In particular, the study found that writing by hand required communication between the brain’s visual, sensory and motor cortices. People who wrote with the digital pen had to visualize letters, then use their fine motor skills to control their movement when writing.

“When you have to form letters by hand, an ‘A’ will look completely different than a ‘B’ and requires a completely different movement pattern,” van der Meer said.

By contrast, when typing, the keys look mostly the same, regardless of the letter. As a result, the study found, typing required less brain activity in the visual and motor cortices.

“Because only small parts of the brain are active during typewriting, there is no need for the brain to communicate between different areas,” van der Meer said.

Van der Meer’s previous research in children and young adults similarly found that people’s brains are more active while writing by hand than while typing. A 2017 study from Indiana University also indicated that writing by hand could link visual and motor skills, which might help kids better recognize letters.

But so far, there’s mixed evidence as to whether taking notes on paper versus a laptop can help people remember and understand information better in the classroom or raise their performance on tests.

It’s also hard to know whether or how the brain activity in the new study might translate into real-life improvements in learning or memory, said Ramesh Balasubramaniam, a neuroscientist at the University of California, Merced, who wasn’t involved in the research.

The study showed that when students write by hand, “a lot of the connections are happening from the frontal and temporal regions of the brain, which are more memory-related,” he said. But a future study could actually “test the participants for what they remember from things that they hand-wrote and what they typed.”

Balasubramaniam said older adults might also see cognitive benefits from handwriting, “but I think the largest benefits are when the brain is still developing, because it kind of coincides with other major learning processes that are happening.”

In the United States, the Common Core set of academic standards, adopted by most states, calls for kids to learn handwriting in kindergarten and first grade. It also sets typing milestones for fourth, fifth and sixth graders.

“Kids are currently being taught handwriting. They will always be taught handwriting. How much they actually use handwriting is going to be a mixture of their own personal preferences and then the expectations of the classrooms that they’re in,” said Morgan Polikoff, an associate professor of education at USC Rossier School of Education.

Writing by hand can be more beneficial for some children than others, he added.

“Some kids maybe have fine motor issues, so handwriting will be a challenge for them,” Polikoff said. On the other hand, “there’s some evidence that handwriting, especially cursive handwriting, works especially well for students with dyslexia.”

The U.S. has seen some political pressure to require cursive in schools. California, for example, passed a law last year mandating that public school teachers give some cursive instruction from first through sixth grade.
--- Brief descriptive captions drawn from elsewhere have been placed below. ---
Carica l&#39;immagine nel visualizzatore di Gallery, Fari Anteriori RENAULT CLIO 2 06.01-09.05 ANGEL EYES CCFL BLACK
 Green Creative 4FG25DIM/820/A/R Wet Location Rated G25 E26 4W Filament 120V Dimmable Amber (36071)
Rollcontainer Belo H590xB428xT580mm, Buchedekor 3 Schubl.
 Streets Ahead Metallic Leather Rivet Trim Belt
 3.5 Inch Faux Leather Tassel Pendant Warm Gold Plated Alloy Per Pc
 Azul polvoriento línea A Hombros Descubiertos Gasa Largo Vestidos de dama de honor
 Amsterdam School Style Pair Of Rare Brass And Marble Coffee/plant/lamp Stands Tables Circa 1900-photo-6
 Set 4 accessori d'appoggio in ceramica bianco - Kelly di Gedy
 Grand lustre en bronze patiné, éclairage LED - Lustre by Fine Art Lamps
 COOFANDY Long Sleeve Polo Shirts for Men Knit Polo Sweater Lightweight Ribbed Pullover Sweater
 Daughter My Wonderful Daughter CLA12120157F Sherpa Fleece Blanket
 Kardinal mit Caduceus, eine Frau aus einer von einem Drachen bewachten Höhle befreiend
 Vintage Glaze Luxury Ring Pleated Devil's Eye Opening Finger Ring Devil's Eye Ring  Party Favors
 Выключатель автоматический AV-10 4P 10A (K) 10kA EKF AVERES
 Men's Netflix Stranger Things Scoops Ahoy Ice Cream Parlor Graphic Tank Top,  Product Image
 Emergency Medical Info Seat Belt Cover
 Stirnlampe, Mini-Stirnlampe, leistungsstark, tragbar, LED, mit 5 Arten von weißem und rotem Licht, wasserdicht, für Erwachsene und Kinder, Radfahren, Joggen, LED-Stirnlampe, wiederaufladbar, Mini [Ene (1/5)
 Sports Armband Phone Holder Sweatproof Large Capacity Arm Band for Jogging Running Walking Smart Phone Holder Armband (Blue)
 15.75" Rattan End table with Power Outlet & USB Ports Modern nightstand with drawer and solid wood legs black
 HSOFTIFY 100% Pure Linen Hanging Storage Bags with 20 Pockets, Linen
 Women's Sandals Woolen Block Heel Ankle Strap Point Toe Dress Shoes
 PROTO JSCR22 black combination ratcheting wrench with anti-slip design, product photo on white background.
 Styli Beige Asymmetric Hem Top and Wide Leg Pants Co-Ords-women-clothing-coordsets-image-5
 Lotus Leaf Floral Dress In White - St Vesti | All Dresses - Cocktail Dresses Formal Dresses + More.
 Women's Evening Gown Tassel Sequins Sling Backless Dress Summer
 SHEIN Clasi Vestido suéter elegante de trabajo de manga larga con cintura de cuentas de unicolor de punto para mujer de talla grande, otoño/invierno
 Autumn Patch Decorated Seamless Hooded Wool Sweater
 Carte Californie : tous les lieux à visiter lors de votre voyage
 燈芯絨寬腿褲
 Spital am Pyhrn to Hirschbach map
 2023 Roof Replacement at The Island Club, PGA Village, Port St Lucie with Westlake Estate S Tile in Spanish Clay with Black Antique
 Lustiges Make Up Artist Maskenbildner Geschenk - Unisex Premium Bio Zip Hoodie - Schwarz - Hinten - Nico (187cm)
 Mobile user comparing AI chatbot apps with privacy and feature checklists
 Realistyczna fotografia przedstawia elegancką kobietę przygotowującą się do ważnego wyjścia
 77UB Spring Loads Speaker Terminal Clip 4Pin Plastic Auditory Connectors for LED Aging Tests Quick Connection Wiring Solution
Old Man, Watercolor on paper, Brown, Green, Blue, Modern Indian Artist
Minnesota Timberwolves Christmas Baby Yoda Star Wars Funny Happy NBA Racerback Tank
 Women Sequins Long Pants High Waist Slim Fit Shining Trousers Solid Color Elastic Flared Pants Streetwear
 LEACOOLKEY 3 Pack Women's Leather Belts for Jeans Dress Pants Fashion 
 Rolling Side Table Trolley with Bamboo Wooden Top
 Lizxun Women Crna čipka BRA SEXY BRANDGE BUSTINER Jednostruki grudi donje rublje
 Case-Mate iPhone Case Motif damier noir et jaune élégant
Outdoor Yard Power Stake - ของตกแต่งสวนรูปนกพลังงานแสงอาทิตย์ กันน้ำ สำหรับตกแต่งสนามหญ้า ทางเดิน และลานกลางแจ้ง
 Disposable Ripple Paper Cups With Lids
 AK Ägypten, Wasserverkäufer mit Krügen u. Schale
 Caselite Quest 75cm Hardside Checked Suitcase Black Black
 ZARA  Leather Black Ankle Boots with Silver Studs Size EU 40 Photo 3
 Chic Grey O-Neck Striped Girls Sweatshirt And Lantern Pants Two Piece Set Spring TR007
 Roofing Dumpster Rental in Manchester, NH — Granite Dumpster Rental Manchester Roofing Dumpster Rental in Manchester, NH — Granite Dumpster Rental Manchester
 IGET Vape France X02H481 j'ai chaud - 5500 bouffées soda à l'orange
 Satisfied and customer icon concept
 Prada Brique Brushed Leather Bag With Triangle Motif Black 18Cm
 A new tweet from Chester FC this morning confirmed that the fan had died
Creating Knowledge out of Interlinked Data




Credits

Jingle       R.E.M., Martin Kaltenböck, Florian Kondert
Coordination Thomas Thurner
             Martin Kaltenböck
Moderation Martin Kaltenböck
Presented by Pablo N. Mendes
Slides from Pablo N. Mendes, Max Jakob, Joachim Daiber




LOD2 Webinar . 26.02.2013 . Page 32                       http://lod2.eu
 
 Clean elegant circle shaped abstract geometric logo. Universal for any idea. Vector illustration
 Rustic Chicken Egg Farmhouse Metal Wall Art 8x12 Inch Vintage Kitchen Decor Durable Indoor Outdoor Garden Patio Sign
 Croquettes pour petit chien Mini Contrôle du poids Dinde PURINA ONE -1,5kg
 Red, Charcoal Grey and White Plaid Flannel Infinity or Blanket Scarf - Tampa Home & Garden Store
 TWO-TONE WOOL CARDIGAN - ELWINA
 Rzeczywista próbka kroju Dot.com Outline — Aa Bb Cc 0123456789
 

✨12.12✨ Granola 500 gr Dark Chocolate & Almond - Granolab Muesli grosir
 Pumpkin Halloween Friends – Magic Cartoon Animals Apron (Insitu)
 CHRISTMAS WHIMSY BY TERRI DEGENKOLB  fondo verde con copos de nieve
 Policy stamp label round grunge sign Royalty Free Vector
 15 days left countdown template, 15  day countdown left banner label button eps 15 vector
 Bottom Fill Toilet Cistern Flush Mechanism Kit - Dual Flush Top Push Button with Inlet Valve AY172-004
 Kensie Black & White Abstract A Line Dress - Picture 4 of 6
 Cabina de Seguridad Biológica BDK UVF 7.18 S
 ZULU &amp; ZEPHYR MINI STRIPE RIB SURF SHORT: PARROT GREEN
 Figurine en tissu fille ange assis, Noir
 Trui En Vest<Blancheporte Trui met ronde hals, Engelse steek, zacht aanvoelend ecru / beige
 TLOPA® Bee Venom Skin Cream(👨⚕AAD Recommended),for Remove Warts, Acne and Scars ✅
Polikoff estimated that roughly 20 states have some sort of cursive requirement.

But scientists don’t know if cursive offers any additional cognitive benefits over writing in print.

Polikoff said some people support teaching cursive simply because historical documents were written that way, people traditionally sign their names in cursive or just that “it’s a lovely dying art.”

On the other hand, van der Meer said she’s often “accused of wanting to go back to the Stone Age” by advocating for students to write by hand in schools. Both handwriting and typing should have a place in the classroom, she said.

“We live in a digital world and the digital world is here to stay,” van der Meer said. “If you have to write a long essay or a long text, then obviously it’s much better to use a computer.”